_Action item_
Wherever a line of the data contains "show", copy that line.

_Provided entries_
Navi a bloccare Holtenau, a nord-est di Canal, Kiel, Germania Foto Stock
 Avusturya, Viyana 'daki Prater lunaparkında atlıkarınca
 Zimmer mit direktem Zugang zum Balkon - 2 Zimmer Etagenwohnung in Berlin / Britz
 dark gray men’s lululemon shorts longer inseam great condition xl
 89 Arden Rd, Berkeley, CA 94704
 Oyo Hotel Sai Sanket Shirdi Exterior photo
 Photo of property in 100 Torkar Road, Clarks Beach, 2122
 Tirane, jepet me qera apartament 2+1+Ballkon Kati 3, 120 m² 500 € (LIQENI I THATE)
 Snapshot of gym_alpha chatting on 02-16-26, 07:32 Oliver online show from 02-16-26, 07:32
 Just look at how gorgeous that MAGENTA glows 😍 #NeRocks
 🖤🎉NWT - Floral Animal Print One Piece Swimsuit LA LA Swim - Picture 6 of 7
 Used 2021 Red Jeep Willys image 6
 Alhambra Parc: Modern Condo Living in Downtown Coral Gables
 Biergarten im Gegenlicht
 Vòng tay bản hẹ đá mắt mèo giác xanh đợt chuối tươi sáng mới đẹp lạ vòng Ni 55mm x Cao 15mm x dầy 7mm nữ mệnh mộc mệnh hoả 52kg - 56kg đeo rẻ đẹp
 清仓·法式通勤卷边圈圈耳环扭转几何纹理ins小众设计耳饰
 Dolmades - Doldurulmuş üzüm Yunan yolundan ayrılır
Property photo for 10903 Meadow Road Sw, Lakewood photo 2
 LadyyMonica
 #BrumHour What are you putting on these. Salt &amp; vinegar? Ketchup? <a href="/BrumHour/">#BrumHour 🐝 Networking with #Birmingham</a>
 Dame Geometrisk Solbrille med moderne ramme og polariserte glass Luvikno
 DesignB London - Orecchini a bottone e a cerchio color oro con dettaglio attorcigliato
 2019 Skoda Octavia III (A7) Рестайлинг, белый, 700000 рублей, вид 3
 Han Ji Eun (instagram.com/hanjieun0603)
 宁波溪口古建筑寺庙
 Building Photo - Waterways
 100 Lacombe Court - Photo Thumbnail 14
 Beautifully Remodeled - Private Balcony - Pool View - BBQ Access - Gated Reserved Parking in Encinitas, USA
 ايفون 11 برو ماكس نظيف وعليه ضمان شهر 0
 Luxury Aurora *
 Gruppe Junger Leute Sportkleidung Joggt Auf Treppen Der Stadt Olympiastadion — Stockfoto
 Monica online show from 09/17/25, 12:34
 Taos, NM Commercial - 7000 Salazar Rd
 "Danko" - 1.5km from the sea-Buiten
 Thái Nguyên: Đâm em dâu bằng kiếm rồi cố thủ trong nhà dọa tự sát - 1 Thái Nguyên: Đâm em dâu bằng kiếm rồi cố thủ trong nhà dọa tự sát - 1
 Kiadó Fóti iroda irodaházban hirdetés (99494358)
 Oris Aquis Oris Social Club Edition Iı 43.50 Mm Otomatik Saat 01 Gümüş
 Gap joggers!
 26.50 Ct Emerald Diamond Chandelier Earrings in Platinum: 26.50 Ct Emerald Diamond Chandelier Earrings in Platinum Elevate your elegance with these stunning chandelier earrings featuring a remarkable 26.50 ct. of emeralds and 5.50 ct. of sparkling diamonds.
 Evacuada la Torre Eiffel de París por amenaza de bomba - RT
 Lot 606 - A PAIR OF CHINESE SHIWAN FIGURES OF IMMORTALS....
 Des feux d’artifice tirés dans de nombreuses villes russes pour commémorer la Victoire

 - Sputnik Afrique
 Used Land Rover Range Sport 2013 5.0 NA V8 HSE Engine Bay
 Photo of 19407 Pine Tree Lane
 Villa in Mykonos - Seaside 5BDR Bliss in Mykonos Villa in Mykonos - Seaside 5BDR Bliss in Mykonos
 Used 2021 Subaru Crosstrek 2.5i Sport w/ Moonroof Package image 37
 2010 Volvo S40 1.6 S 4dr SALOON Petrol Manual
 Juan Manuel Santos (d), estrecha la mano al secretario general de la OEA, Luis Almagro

_Answer to this exercise_
 Snapshot of gym_alpha chatting on 02-16-26, 07:32 Oliver online show from 02-16-26, 07:32
 Monica online show from 09/17/25, 12:34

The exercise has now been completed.